Everybody Wants Some!! (2016)

Dazed and Confused and Everybody Wants Some

1993’s Dazed and Confused is one of the most acclaimed comedies of all time and the movie that put Richard Linklater on the map. After capturing the lives of high schoolers in the ‘70s in Dazed and Confused, Linklater returned to capture the lives of college students in the ‘80s in its belated spiritual sequel Everybody Wants Some!!, released in 2016.

Linklater also considered it to be a spiritual successor to his previous movie Boyhood in some regard, because Boyhood ended with Mason leaving for college and Everybody Wants Some!! is about a group of young men starting college.

Soldier (1998)

Blade Runner and Soldier

1998’s Soldier is an underrated sci-fi action gem. David Peoples wrote the movie as an unofficial sequel to Blade Runner, which he’d co-penned with Hampton Fancher based on Philip K. Dick’s story.

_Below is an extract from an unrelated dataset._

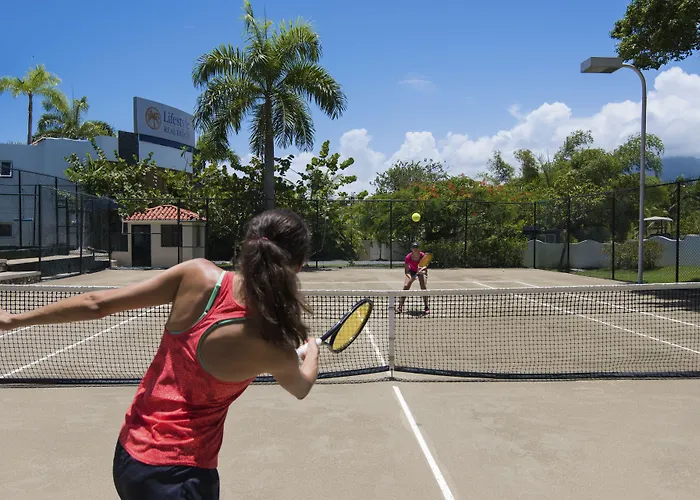 Lifestyle Crown Residence Suites (Adults Only)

While it has no canonical connection to Ridley Scott’s groundbreaking neo-noir masterpiece, Soldier is considered to take place in its shared fictional universe. Kurt Russell’s character is suggested to be a veteran of the wars mentioned in Roy Batty’s final “tears in rain” monologue.

This Is 40 (2012)

Knocked Up and This is 40

Technically, Judd Apatow’s This is 40 is a literal sequel to Knocked Up. Paul Rudd, Leslie Mann, and Maude and Iris Apatow all reprise their roles as the nuclear family contrasted with Ben and Alison’s unexpected pregnancy in Knocked Up. But This is 40 stands alone as a movie about a married couple going through a midlife crisis.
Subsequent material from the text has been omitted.